LISTED ENTRIES below:

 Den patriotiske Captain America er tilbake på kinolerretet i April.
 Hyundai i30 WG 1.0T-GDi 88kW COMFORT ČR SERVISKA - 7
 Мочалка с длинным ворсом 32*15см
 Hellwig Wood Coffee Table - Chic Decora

End of LISTED ENTRIES.
LISTED ENTRIES below:

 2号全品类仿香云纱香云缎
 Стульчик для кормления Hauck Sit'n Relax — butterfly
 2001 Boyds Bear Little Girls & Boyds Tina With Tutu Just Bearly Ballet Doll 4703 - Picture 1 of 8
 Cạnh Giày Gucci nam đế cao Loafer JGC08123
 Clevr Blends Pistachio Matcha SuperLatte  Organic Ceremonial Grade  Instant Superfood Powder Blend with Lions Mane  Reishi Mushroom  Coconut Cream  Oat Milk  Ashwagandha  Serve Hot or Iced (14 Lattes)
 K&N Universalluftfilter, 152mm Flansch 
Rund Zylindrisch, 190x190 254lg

End of LISTED ENTRIES.

EXERCISE>
What are the lines, exactly as written above, from the line with "Den patriotiske Captain" to the line with "Hellwig Wood Coffee Table - Chic Decora", both included? Output only those.

EXERCISE SOLUTION>
 Den patriotiske Captain America er tilbake på kinolerretet i April.
 Hyundai i30 WG 1.0T-GDi 88kW COMFORT ČR SERVISKA - 7
 Мочалка с длинным ворсом 32*15см
 Hellwig Wood Coffee Table - Chic Decora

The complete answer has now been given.